Like Harrison, he sees a role for a community land trust, but has reservations as well. For one thing, he said he's less interested in homeownership and more so in low-density rental housing. For another, he’s still not sure folks will embrace the model. What happens, he mused, when “grandchildren walk in there and think it’s their house and it turns out to be not really their house.” Under the community land trust model, the house is theirs but not the land, which might not be what the exact arrangement they were expecting. Still, as McCasland explained, the opportunity for wealth creation is still there, even if the land itself is leased.
Then there’s all the work already being done. “We’ve been working on it for 26 years,” said Coleman. “That’s when the Third Ward Redevelopment Council was created and out of that came Old Spanish Trail/Almeda Corridors TIRZ and Houston Southeast Management District. I passed the bill for Houston Southeast.” Indeed, Harrison credits Coleman’s leadership for supporting what affordable housing there is in the neighborhood now.
All of these efforts, so dependent on government, don’t offer what community land trusts do, argued Lowe.
Complete Communities, while well-intentioned to target resources to long under-served neighborhoods, “is just an initiative,” he said, “it is not a policy intervention.” The various strategies available now for financing affordable housing are, in the end, market-oriented. “For example, we do not have a housing trust fund. We do not have inclusionary zoning,” said Lowe. “What a community land trust model would provide [is] an alternative…it could be, I argue, here in Houston, a major policy intervention that would begin to ensure that lower income residents benefit from neighborhood change.”
And that would be radical. Coleman’s hypothetical grandchildren example, for instance, would have to be confronted. “You’ve got a trust issue,” Harrison said. In thinking about the city’s land trust, McCasland emphasized that expectations would have to be very clear for any potential buyers. “The land trust needs to set the expectations with the homebuyers,” he said, “They need to be the person looking them in the eye saying, ‘you’re not buying a regular home here, here are your restrictions.’”

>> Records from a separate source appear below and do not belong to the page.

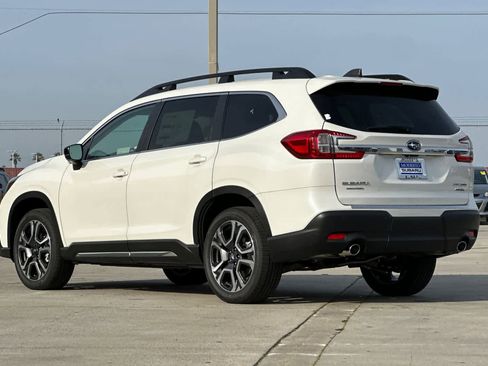 New 2026 Subaru Ascent Limited image 4
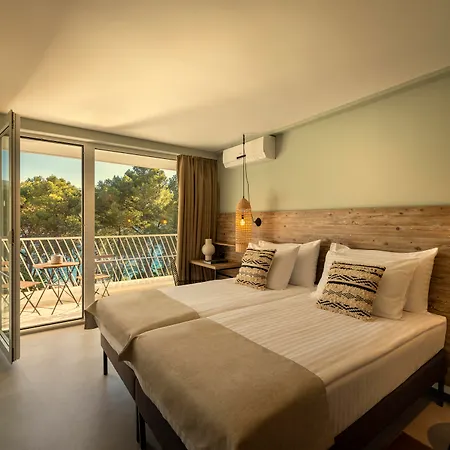 Places Hvar By Valamar 3*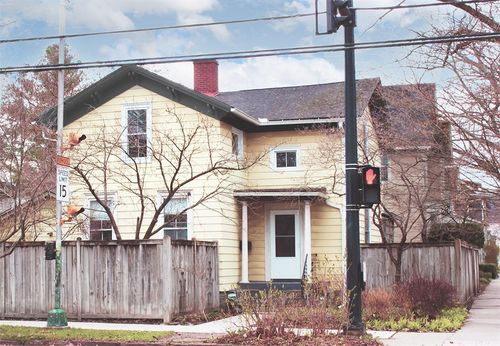 329 W Buffalo St, Ithaca, NY, 14850-4123 | Card Image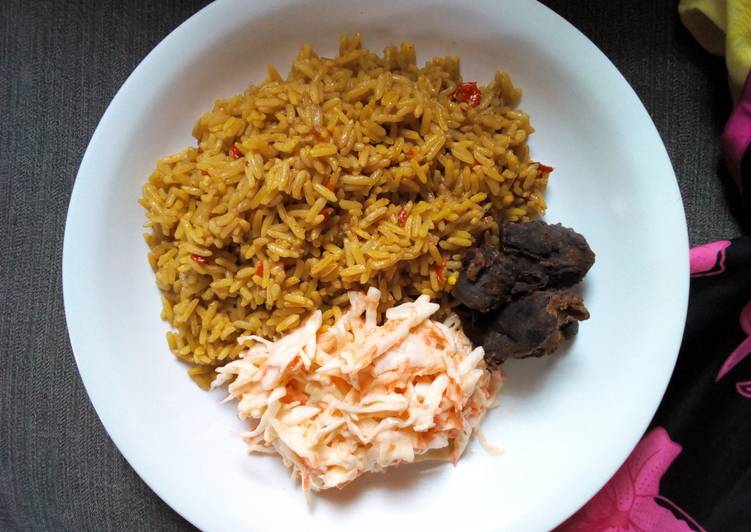 Jollof rice with coleslaw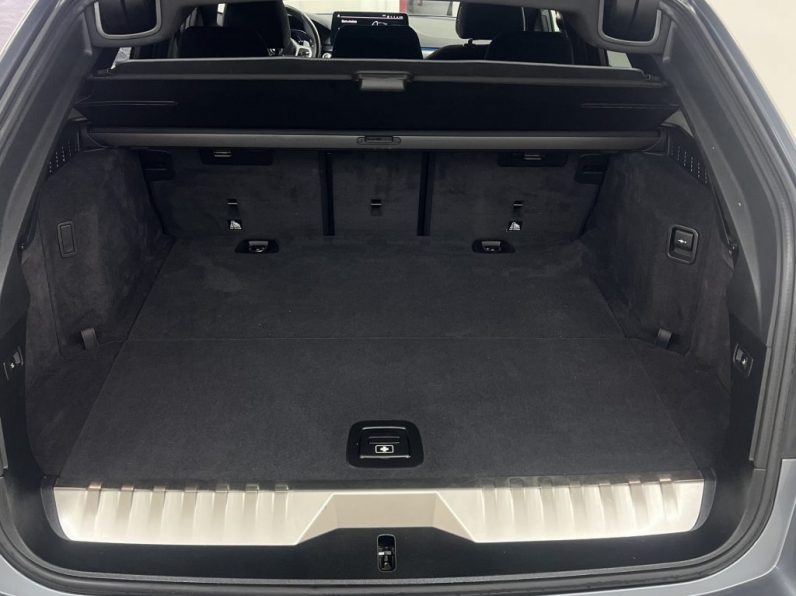 BMW 530 e Pack M completo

That, said Lowe, might be particularly hard to do in Houston. “Here in Houston, people like the idea of an approach where lower-income people benefit,” he said, “but when it comes to implementing it, it’s so far out of the realm of what they’re used to…that it’s very difficult for them to accept the community land trust approach.”
What it comes down to, then, is a matter of values, like Lowe said. “Community revitalization has not been our focus,” said Lowe. Instead “it has been primarily the redevelopment of places where market approaches benefit those who already have the means. The community land trust is an alternative approach to that while at the same time it could help advance democratization” and grassroots organizing, he explained. “If we believe that’s important, then we have to think of ways of building it back.”
The post has been updated to include the correct title for Jeffrey Lowe, an associate professor at Texas Southern University, and to clarify how community land trusts work with regard to multiple generations.